„Pretty woman”: 6 zaskakujących faktów o kultowej komedii
Jak wyglądały kulisy powstawania filmu?
- Redakcja VIVA!
Pretty woman” to komedia romantyczna Garry’ego Marshalla, która stała się prawdziwym klasykiem gatunku. Historia miłości prostytutki Vivian (Julia Roberts) i biznesmena Edwarda (Richard Gere) kończy się bajkowym „i żyli długo i szczęśliwie”. Chociaż film w ostatnich latach budzi wiele kontrowersji, wciąż ma potężne grono fanek i fanów. Oto kilka ciekawostek na temat tej kultowej produkcji.
„Pretty woman” – nie tak piękna historia
Pierwotny scenariusz J.F. Lawtona daleki był od opowieści, którą tak pokochaliśmy: scenarzysta napisał bardzo szorstką historię bohaterów, którzy po siedmiu dniach tracą nadzieję na wspólne szczęście. W tej mrocznej wersji filmu w ostatniej scenie Edward miał rzucić w Vivian pieniędzmi i odjechać, zostawiając ją w ciemnym zaułku. To zupełne przeciwieństwo romantycznej sceny, w której Edward wspina się po schodach pożarowych do mieszkania Vivian.
W oryginalnej wersji nawet tytuł filmu był inny. Brzmiał on "3000", czyli tyle, ile wynosiła dzienna stawka głównej bohaterki.
Plakat filmowy i małe oszustwo
Pewnie wiele z was kojarzy plakat promujący film: białe tło, główni bohaterowie stoją do siebie odwróceni plecami, uśmiechają się. Wnikliwy obserwator zauważy jednak, że coś tutaj nie gra. I będzie miał rację! W rzeczywistości na plakacie widzimy głowę Julii Roberts doklejoną do ciała dublerki – Shelley Michelle. Co więcej, Edward Lewis (Richard Gere) ma na plakacie czarne włosy, mimo że w filmie jest siwiejącym mężczyzną.

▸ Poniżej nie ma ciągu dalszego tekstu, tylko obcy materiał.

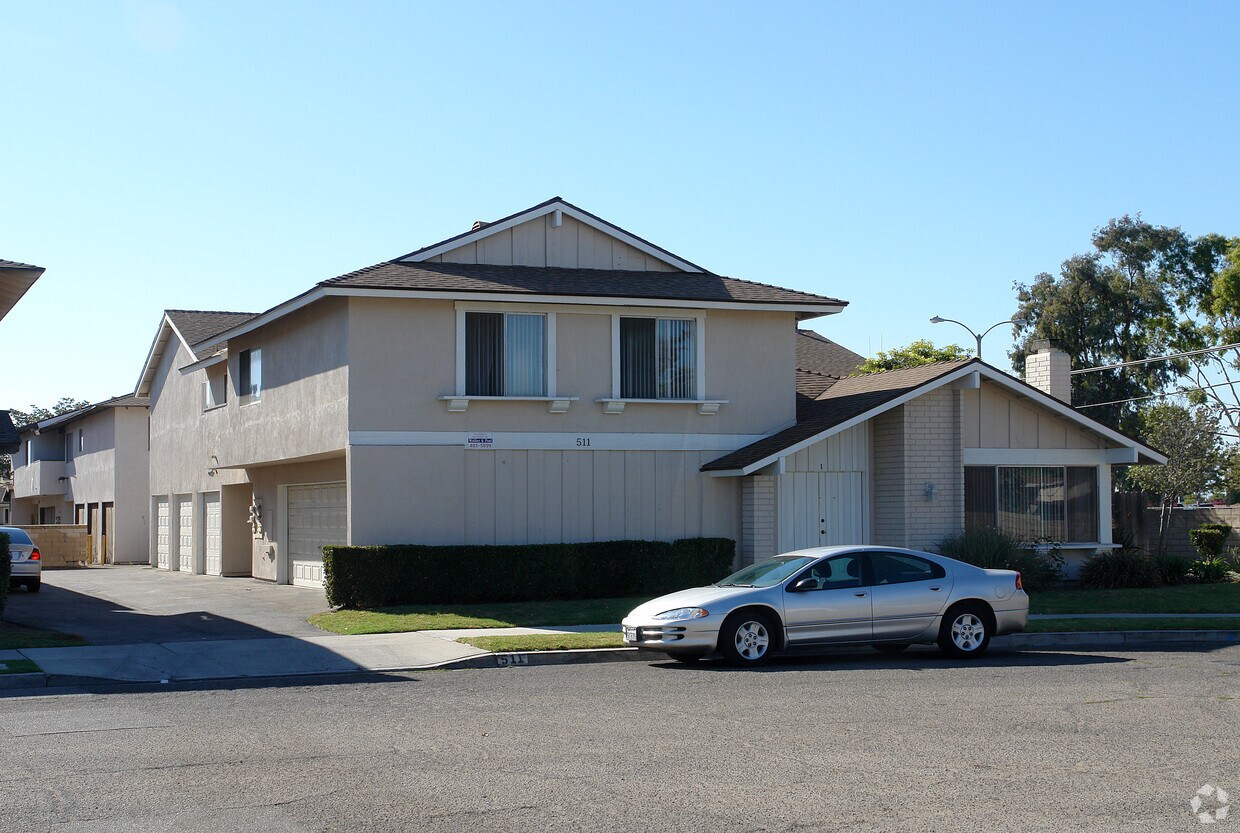 Primary Photo - 511 J Ct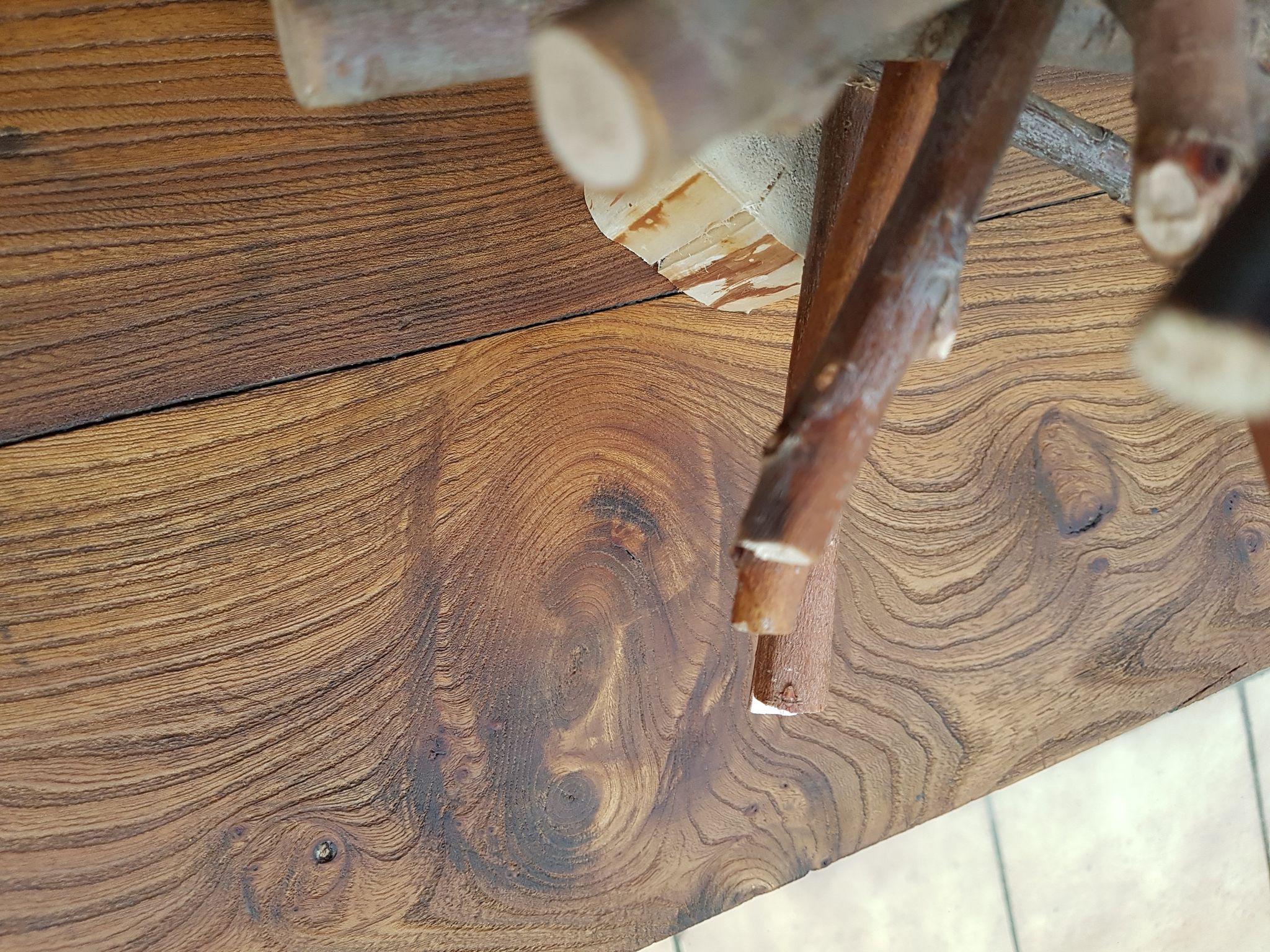 Raw wood/white chest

Czytaj także: Julia Roberts i Daniel Moder są razem od 18 lat! Ale tę miłość musiała sobie wywalczyć
„Pretty woman” – Julia Roberts
Dziś nie wyobrażamy sobie, by w rolę Vivian mógł się wcielić ktokolwiek inny niż Julia Roberts! A jednak pierwotnie przy wyborze aktorki do głównej roli były brane pod uwagę Sandra Bullock, Meg Ryan, Kristin Davis, Sarah Jessica Parker, Michelle Pfeiffer, Drew Barrymore, a nawet… Madonna.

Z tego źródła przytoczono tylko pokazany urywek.